▶ **EXERCISE BRIEF**:
Would you please set down the data again exactly as given, excluding the pictures?

▶ **INFORMATION GIVEN**:
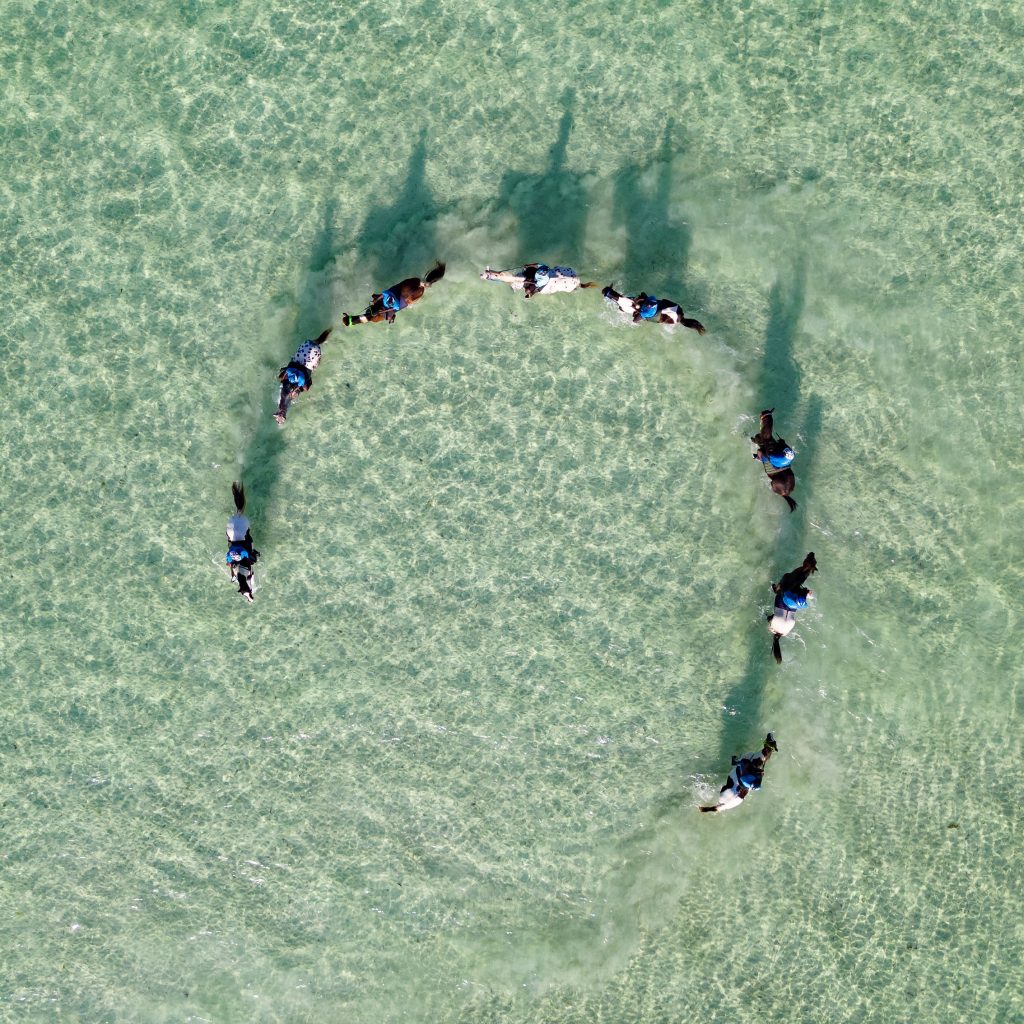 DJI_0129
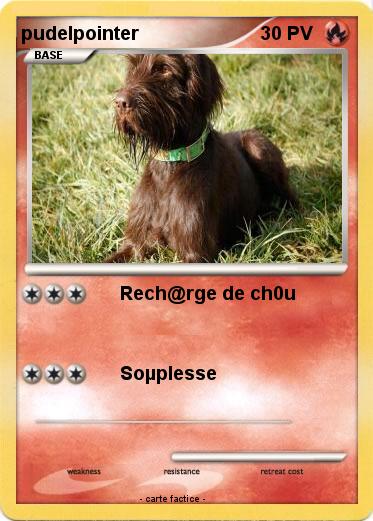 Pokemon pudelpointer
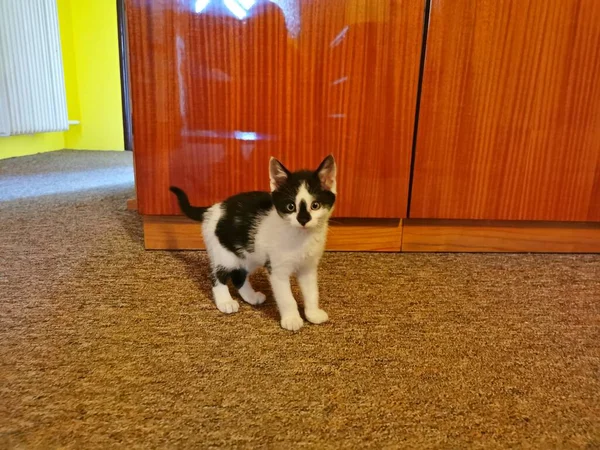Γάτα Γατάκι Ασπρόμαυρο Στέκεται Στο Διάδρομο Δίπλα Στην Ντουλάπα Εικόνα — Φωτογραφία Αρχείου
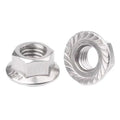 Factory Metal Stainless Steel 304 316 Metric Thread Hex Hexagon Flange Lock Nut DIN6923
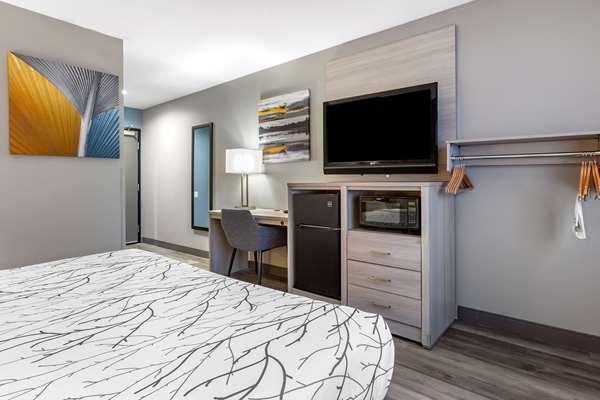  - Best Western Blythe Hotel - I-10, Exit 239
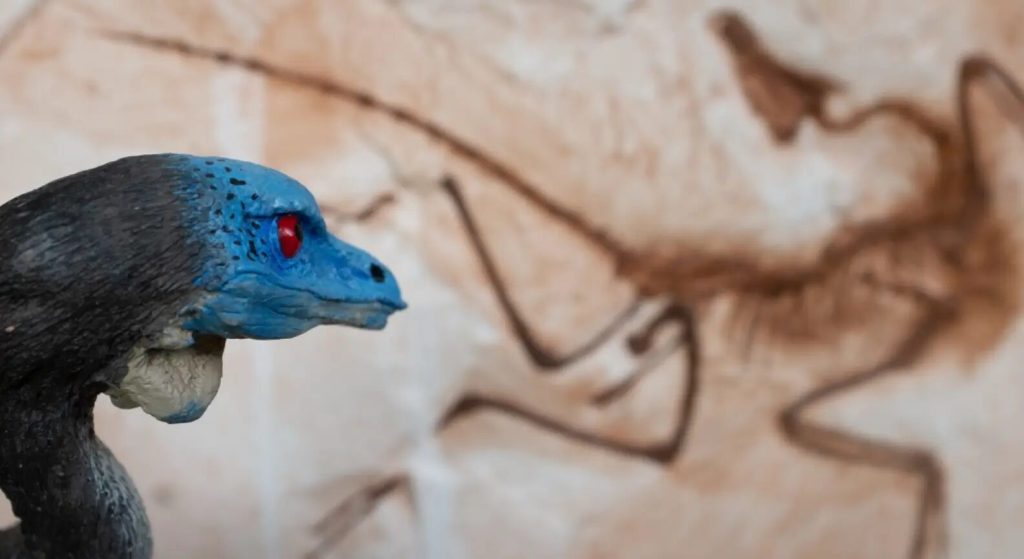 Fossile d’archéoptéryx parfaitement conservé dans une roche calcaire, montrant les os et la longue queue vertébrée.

▶ **SOLVED PROBLEM**:
 DJI_0129
 Pokemon pudelpointer
Γάτα Γατάκι Ασπρόμαυρο Στέκεται Στο Διάδρομο Δίπλα Στην Ντουλάπα Εικόνα — Φωτογραφία Αρχείου
 Factory Metal Stainless Steel 304 316 Metric Thread Hex Hexagon Flange Lock Nut DIN6923
  - Best Western Blythe Hotel - I-10, Exit 239
 Fossile d’archéoptéryx parfaitement conservé dans une roche calcaire, montrant les os et la longue queue vertébrée.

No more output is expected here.